▶ _WHAT IS BEING ASKED_
Print out the whole listing below exactly as it is written.

▶ _EXERCISE MATERIALS_
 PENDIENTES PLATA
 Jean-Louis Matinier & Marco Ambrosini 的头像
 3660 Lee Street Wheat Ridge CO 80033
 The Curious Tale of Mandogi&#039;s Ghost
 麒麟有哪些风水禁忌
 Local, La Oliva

▶ _PROBLEM SOLUTION_
 PENDIENTES PLATA
 Jean-Louis Matinier & Marco Ambrosini 的头像
 3660 Lee Street Wheat Ridge CO 80033
 The Curious Tale of Mandogi&#039;s Ghost
 麒麟有哪些风水禁忌
 Local, La Oliva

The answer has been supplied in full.